Yes, but it's the total resources available that will be considered, so the sum of his income, his savings, your pay and savings.



> And when talking about whether or not my sponsor gives to family or dependants-is this over and above regular day to day living expenses in our family?


Yes, such as maintenance for children from previous marriage or relationship, elderly parents etc.



> I have only disclosed my intention to leave the country to my union rep at work-can I list them as contact for employer? Up until a month ago they also happened to be my direct line manager. I just don't want to tell my work unless I know I am permitted to leave-I have been in this job for 12 years.


You cann't withold contact details for your employers, or prevent UKBA from contacting them for clarifications. But they will only do so if there is a query about your job.



> When it asks for the total monthly income from all sources-are we combining our income? Also-later it asks for the sponsors income- would that be individual or combined? Am I including monthly, quarterly tax benefits such as Child Tax benefit, tax rebates? Technically it isn't "income" more an "entitlement based on income"...but will show up on my bank statements. Also, we are regularly reimbursed for purchased health care services through a fund that we qualified for-does this need to be explained or claimed? These too will show up on bank statements.

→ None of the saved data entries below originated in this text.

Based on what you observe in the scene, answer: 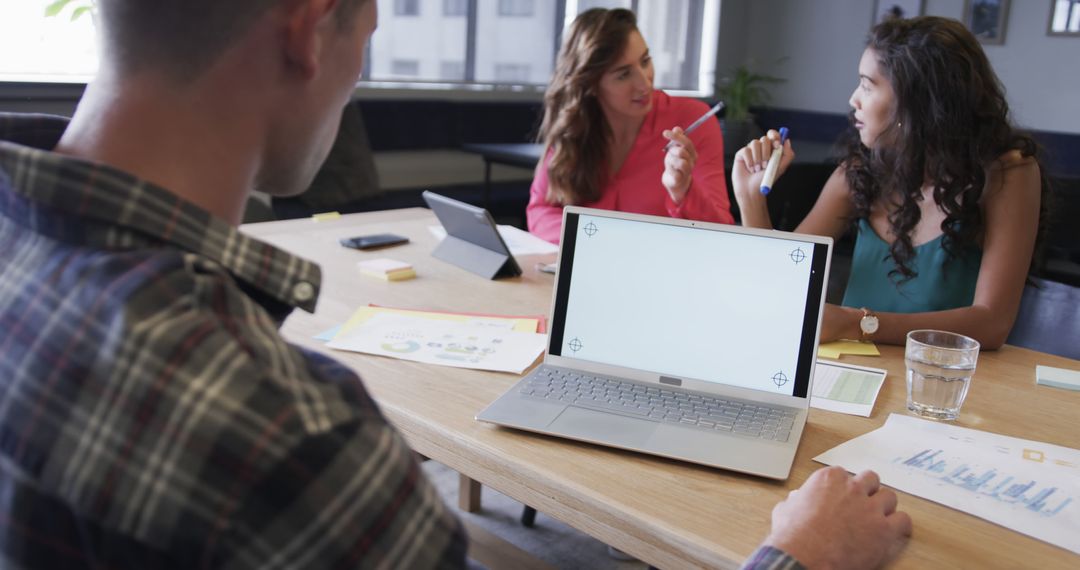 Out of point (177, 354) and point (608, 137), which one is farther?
point (608, 137)

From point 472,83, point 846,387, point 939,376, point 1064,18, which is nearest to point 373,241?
point 846,387

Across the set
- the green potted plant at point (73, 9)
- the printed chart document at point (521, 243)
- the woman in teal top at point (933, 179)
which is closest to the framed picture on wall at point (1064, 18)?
the woman in teal top at point (933, 179)

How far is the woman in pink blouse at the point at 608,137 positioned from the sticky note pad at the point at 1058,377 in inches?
43.9

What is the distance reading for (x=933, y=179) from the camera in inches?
75.0

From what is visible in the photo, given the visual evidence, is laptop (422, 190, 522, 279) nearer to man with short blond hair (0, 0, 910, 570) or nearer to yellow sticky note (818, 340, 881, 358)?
yellow sticky note (818, 340, 881, 358)

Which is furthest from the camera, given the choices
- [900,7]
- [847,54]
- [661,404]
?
[847,54]

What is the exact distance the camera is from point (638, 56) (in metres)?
2.58

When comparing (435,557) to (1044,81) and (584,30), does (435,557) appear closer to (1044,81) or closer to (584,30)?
(584,30)

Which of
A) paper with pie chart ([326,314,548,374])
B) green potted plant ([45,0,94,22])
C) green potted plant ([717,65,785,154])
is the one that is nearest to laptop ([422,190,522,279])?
paper with pie chart ([326,314,548,374])

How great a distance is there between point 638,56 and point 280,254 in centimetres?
207

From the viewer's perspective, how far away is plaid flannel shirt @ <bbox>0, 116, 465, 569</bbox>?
1.66 ft

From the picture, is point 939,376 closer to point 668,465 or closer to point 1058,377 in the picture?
point 1058,377

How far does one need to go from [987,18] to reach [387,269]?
17.0 ft

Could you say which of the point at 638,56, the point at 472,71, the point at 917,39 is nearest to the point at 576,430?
the point at 917,39
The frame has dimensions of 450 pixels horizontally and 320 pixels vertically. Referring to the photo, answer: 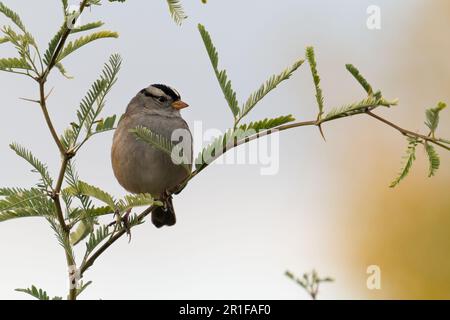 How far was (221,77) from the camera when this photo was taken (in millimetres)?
3217

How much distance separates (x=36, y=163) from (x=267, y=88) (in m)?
0.93

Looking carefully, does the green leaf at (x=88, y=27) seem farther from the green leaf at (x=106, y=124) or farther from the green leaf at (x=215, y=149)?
the green leaf at (x=215, y=149)

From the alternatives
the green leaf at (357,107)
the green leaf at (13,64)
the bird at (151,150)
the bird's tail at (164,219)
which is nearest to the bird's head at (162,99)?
the bird at (151,150)

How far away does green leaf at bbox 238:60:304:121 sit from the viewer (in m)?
3.07

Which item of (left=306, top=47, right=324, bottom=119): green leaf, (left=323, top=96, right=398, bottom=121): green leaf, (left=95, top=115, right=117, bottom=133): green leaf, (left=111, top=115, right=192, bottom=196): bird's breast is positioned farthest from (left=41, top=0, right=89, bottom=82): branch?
(left=111, top=115, right=192, bottom=196): bird's breast

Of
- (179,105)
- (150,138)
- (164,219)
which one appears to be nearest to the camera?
(150,138)

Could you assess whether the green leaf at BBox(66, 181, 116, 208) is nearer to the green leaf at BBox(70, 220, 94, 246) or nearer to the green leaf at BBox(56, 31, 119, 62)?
the green leaf at BBox(70, 220, 94, 246)

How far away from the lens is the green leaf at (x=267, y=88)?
10.1 feet

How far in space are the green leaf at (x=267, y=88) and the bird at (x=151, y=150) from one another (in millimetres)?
2359

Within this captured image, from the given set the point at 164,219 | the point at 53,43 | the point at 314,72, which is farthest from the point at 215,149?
the point at 164,219

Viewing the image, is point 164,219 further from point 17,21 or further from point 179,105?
point 17,21

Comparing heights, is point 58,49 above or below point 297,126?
above

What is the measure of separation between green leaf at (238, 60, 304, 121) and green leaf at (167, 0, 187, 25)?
41cm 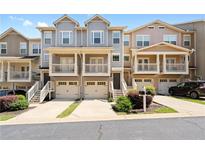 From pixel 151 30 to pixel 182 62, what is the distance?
5.91m

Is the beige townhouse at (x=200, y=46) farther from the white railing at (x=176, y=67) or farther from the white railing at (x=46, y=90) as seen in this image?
the white railing at (x=46, y=90)

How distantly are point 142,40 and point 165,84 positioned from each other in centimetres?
660

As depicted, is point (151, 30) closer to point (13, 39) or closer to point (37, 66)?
point (37, 66)

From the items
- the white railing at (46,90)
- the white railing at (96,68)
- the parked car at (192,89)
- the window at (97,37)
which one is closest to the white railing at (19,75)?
the white railing at (46,90)

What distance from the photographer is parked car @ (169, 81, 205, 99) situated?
68.9ft

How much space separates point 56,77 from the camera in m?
24.3

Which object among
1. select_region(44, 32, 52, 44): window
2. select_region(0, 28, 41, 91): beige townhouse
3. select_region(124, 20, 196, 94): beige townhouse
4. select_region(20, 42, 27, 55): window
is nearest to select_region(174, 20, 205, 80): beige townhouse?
select_region(124, 20, 196, 94): beige townhouse

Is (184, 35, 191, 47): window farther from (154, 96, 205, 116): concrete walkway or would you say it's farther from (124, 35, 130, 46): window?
(154, 96, 205, 116): concrete walkway

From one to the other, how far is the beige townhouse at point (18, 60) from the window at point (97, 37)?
785 cm

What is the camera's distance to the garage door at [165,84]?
2742 centimetres

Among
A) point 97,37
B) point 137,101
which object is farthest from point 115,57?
point 137,101

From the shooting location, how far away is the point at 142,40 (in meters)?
28.9

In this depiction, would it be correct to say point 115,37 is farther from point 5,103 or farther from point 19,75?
point 5,103

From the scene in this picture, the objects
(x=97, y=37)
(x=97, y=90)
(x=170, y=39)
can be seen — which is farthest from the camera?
(x=170, y=39) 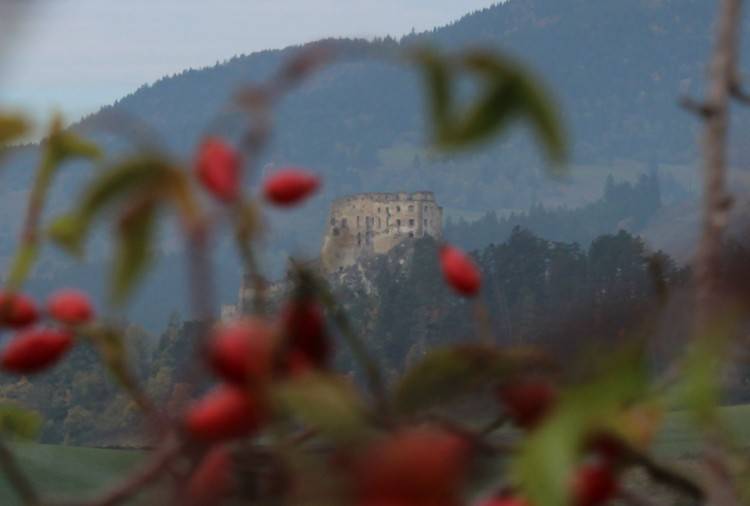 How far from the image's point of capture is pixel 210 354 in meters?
0.18

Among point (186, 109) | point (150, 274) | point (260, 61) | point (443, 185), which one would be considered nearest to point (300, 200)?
point (150, 274)

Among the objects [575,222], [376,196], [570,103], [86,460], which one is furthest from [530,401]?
[570,103]

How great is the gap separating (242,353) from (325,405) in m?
0.02

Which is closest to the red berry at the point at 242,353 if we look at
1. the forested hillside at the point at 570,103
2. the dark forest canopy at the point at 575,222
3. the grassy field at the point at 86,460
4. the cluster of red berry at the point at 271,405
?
the cluster of red berry at the point at 271,405

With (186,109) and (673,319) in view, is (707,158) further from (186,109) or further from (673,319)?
(186,109)

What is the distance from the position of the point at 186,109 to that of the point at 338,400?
124ft

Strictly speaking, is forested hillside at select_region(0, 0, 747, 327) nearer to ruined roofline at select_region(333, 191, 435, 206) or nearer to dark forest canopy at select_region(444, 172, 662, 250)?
dark forest canopy at select_region(444, 172, 662, 250)

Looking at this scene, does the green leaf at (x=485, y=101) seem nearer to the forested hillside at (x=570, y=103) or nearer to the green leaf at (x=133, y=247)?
the green leaf at (x=133, y=247)

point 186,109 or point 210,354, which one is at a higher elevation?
point 186,109

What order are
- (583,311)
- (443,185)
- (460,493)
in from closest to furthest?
(460,493) → (583,311) → (443,185)

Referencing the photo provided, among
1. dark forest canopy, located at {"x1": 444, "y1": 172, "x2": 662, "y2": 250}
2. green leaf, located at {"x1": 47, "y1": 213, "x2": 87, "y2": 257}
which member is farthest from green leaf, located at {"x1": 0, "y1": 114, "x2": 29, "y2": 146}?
dark forest canopy, located at {"x1": 444, "y1": 172, "x2": 662, "y2": 250}

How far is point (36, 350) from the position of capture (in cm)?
24

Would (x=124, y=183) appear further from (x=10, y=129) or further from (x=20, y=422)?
(x=20, y=422)

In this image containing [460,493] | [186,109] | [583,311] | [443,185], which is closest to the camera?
[460,493] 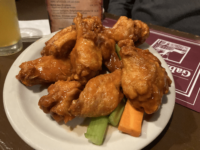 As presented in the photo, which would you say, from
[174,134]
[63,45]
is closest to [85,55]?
[63,45]

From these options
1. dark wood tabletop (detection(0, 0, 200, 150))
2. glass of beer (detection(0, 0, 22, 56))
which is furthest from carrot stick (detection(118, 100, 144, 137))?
glass of beer (detection(0, 0, 22, 56))

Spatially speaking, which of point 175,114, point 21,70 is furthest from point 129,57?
point 21,70

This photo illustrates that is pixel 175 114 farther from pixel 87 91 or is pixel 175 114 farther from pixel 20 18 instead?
pixel 20 18

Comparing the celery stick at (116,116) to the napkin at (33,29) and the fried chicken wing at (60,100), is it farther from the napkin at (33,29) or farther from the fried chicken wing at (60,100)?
the napkin at (33,29)

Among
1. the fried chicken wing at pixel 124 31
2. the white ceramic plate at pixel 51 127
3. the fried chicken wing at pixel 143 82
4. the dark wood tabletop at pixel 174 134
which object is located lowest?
the dark wood tabletop at pixel 174 134

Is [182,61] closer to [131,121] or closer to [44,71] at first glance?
[131,121]

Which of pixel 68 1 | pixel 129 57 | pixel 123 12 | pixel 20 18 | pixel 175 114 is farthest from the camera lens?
pixel 123 12

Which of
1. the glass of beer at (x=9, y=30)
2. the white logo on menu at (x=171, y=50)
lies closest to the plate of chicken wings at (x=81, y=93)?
the glass of beer at (x=9, y=30) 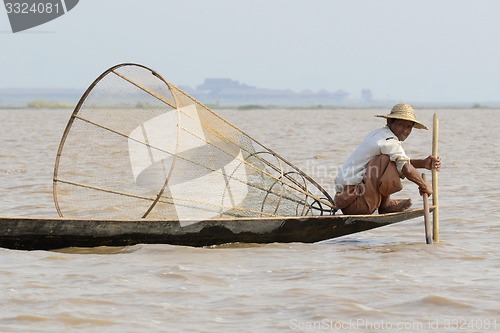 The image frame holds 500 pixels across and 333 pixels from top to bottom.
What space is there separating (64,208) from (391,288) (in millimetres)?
3049

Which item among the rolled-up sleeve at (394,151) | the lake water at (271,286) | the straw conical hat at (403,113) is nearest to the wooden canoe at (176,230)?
the lake water at (271,286)

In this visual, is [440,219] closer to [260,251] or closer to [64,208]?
[260,251]

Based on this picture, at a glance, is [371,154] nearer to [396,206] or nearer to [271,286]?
[396,206]

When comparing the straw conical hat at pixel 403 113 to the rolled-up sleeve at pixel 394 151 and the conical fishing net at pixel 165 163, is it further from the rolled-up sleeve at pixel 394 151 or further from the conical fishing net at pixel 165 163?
the conical fishing net at pixel 165 163

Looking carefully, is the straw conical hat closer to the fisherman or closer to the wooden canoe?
the fisherman

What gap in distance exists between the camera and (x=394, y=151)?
20.2ft

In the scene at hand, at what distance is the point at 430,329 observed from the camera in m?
4.29

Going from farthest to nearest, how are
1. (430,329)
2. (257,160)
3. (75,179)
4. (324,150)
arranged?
(324,150)
(75,179)
(257,160)
(430,329)

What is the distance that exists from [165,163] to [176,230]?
1117mm

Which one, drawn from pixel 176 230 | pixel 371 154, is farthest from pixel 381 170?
pixel 176 230

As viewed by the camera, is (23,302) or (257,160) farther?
(257,160)

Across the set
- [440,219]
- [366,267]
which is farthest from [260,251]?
[440,219]

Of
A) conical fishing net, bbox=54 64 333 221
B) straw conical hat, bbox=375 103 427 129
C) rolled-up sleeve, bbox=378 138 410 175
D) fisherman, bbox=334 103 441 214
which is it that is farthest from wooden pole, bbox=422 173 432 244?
conical fishing net, bbox=54 64 333 221

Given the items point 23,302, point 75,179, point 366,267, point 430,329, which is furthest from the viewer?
point 75,179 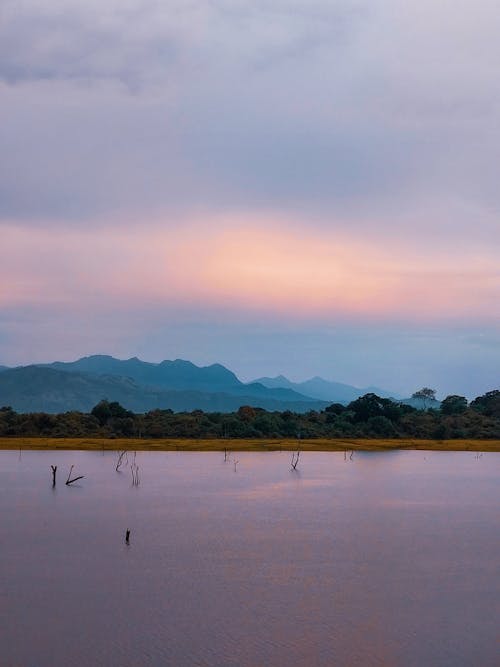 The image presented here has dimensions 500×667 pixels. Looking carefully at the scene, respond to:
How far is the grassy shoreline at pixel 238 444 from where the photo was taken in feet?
250

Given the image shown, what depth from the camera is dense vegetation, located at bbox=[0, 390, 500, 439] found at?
290 feet

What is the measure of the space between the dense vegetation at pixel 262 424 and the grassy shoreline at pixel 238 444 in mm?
3614

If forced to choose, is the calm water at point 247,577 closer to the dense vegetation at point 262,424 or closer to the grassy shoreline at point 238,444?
the grassy shoreline at point 238,444

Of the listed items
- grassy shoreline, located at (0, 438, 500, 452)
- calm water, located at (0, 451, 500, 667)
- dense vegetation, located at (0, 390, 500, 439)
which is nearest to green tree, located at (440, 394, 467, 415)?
dense vegetation, located at (0, 390, 500, 439)

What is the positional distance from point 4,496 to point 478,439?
219ft

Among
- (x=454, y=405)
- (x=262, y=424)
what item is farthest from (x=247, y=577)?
(x=454, y=405)

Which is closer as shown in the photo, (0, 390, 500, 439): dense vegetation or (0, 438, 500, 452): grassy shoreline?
(0, 438, 500, 452): grassy shoreline

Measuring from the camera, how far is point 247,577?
22.9 metres

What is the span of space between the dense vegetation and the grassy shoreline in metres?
3.61

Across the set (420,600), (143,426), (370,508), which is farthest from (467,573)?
(143,426)

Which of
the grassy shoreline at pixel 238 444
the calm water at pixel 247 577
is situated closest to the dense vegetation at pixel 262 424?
the grassy shoreline at pixel 238 444

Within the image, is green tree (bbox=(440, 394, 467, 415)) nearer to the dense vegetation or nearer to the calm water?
the dense vegetation

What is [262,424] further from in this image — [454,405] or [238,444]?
[454,405]

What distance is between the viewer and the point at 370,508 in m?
38.3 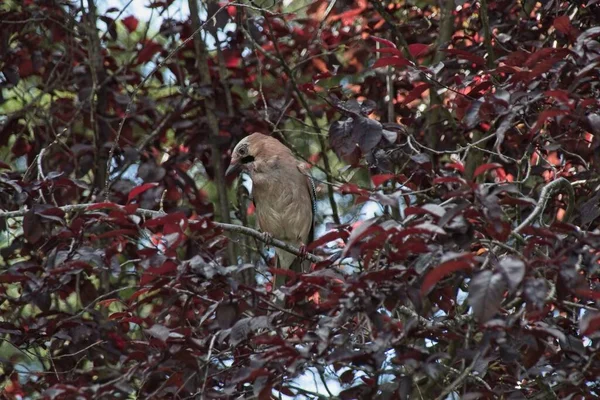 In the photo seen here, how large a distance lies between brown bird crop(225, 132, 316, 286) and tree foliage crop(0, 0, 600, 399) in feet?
0.67

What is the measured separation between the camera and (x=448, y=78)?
6000 mm

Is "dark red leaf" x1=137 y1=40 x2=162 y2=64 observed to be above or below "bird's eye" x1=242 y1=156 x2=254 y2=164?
above

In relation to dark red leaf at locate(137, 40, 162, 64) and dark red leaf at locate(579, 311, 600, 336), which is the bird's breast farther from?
dark red leaf at locate(579, 311, 600, 336)

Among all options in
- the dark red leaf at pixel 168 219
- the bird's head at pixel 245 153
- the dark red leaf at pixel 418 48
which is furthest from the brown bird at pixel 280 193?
the dark red leaf at pixel 168 219

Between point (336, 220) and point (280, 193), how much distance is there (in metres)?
1.12

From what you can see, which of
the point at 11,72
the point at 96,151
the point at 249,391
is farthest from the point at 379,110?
the point at 249,391

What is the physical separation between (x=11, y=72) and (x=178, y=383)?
13.1 ft

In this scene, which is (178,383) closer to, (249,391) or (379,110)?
(249,391)

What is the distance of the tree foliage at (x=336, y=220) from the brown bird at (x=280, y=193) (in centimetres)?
20

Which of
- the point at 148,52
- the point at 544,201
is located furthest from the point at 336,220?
the point at 544,201

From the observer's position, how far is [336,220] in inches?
279

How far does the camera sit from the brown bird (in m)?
7.95

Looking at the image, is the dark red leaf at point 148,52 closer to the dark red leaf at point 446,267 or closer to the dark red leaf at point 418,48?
the dark red leaf at point 418,48

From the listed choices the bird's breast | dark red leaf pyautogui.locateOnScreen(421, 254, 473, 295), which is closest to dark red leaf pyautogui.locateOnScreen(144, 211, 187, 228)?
dark red leaf pyautogui.locateOnScreen(421, 254, 473, 295) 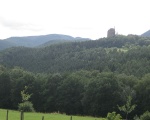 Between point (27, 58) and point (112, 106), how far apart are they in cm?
13946

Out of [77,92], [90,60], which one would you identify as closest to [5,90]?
[77,92]

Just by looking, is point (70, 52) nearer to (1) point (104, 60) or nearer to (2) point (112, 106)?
(1) point (104, 60)

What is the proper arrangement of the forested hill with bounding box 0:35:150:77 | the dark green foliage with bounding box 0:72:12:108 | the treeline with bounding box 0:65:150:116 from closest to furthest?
the treeline with bounding box 0:65:150:116 < the dark green foliage with bounding box 0:72:12:108 < the forested hill with bounding box 0:35:150:77

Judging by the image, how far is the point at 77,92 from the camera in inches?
2854

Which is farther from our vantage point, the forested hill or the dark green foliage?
the forested hill

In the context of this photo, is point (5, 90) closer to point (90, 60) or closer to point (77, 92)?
point (77, 92)

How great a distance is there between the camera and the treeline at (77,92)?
63344mm

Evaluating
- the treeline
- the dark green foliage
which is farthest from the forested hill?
the dark green foliage

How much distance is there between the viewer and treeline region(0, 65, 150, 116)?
63.3 meters

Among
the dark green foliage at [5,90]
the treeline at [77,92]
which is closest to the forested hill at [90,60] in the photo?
the treeline at [77,92]

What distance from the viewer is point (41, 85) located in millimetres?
77812

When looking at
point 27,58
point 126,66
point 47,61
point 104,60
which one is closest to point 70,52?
point 47,61

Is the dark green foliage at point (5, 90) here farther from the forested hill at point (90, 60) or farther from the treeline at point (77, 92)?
the forested hill at point (90, 60)

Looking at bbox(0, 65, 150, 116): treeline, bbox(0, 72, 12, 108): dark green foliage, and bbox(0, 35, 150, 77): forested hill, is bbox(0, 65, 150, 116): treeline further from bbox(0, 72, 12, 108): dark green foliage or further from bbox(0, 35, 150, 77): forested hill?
bbox(0, 35, 150, 77): forested hill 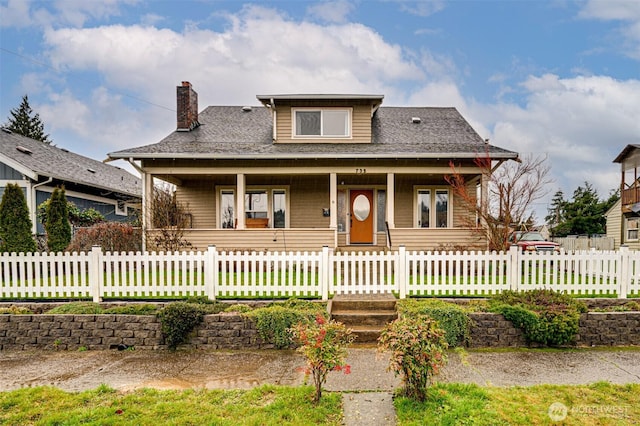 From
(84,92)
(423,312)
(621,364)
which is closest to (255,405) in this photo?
(423,312)

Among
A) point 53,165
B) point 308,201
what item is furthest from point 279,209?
point 53,165

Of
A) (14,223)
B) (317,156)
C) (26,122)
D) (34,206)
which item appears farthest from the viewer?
(26,122)

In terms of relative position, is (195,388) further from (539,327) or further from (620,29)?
(620,29)

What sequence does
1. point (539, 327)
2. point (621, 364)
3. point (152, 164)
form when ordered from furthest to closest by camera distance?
point (152, 164)
point (539, 327)
point (621, 364)

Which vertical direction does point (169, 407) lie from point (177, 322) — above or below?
below

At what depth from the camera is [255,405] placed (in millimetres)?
3559

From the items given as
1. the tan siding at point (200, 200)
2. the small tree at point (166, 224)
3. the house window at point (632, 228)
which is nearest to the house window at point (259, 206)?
the tan siding at point (200, 200)

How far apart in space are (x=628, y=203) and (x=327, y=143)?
1870 cm

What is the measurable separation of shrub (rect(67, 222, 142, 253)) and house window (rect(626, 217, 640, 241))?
25537 millimetres

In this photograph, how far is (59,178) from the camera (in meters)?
13.9

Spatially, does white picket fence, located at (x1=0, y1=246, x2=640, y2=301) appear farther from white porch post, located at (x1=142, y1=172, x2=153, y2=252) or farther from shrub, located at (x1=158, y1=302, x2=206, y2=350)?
white porch post, located at (x1=142, y1=172, x2=153, y2=252)

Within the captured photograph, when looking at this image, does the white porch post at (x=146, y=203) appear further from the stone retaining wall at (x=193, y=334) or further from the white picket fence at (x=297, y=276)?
the stone retaining wall at (x=193, y=334)

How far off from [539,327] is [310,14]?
14.0 meters

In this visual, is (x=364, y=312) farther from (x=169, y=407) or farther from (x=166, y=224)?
(x=166, y=224) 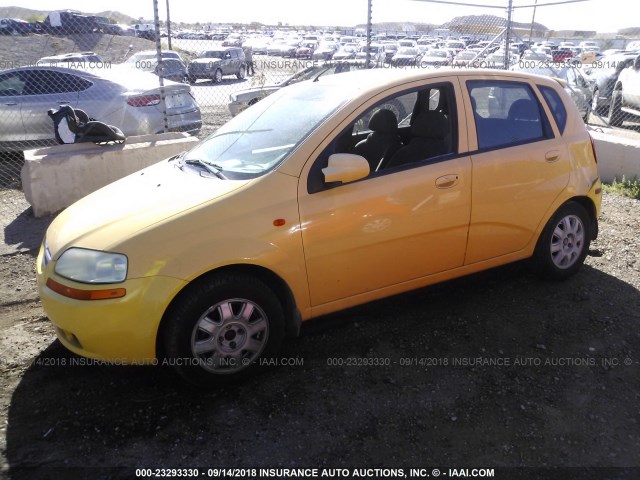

Normally you declare only your own income even if you currently live together abroad. You can include rebates etc. You can just add a note to your statement what the individual items are, once only if they are recurring.



> I have no idea how to break down how much is spent on living expenses or amount used to support family members or other dependants-assuming this is referring to my immediate family.


Family members and dependants here refer to those who don't live with you.



> I don't receive any "income" from other family members or friends, but depending on how I answer the above questions-this one could change to "yes, my husbands income is -------".


You don't include anything you receive from your husband. 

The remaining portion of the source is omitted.